Cuisine: British & Irish
Food Type: Vegetarian
No of Portions: 8
Change no of portions required to :
Ingredients & Prep
230 g plain flour
160 g butter unsalted cold for grating
75 g icing sugar
1 egg yolk only
1 pinch salt
Lemon Curd Filling
150 tbsp lemon juice
200 g caster sugar
150 g butter unsalted soft
6 egg yolks only
75 ml water
50 g cornflour
8 egg whites only
400 g caster sugar
Pre-heat oven to 170'c.
In a bowl add flour & zest, then grate butter in a 1/4 at a time mixing in as you go, when all the butter is in use you finger tips to rub together into a breadcrumb consistency.
In another bowl beat the egg & egg yolk together, add the sugar & salt to the flour crumb mix then add the egg & form into a pastry dough, wrap in cling film & let it rest in the fridge for at least 1 hour.
On a floured worktop roll out pastry to 2 or 3 mm thick (£1 coin), for a 8 portion quantity use an 24 cm round loose bottom deep tart/flan tin greased with butter, line the tin with the pastry, cut off excess from around the edge.
Place a piece of very well scrunched up piece of greaseproof paper in & up the sides then fill with dry rice into the tin & mound the rice up around the sides to the top to hold while blind baking, place in the oven for 10 mins, then allow to cool.
To make the filling curd, place the lemon juice in a saucepan & bring to the boil, in the meantime place the egg yolk in a bowl, add sugar & whisk together well, mix cornflour with the water & add to the egg yolk/sugar mix & whisk in the whisk in the butter, when lemon juice is boiling pour into the mix in slowly whisking all the time, when all in cover with cling film & set aside.
Next the meringue, you will need a food mixer with a balloon whisk attachment or use a electric hand mixer & a bowl, make sure the bowl is spotlessly clean with no oil or grease, you can wipe it out with a bit of lemon juice, add the egg white & whisk until soft peaks then add sugar 1 spoonful at a time until its all in & has reached firm peak stage.
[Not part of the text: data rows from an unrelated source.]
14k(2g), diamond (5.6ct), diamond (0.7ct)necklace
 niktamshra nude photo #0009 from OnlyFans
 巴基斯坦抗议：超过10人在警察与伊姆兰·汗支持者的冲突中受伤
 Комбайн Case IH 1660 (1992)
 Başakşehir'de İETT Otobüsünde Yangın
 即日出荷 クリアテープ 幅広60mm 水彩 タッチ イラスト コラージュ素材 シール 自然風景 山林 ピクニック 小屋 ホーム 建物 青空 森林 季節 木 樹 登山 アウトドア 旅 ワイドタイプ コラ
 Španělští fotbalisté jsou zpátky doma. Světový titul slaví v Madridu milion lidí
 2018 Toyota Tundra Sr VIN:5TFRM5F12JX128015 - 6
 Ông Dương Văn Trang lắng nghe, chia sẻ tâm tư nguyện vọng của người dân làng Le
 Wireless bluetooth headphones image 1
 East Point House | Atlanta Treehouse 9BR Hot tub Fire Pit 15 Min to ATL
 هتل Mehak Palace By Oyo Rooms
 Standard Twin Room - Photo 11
Tip & spread lemon curd filling onto the bottom of the pastry case leaving room the meringue, either pipe on the meringue or dollop on to form a mound of peaks.
Bake in the oven for 12 to 18 min or until light golden brown on top.
Suggestion & Tips
Best eaten fresh & warm with cream. You can make in small individual small tart tins if you wish.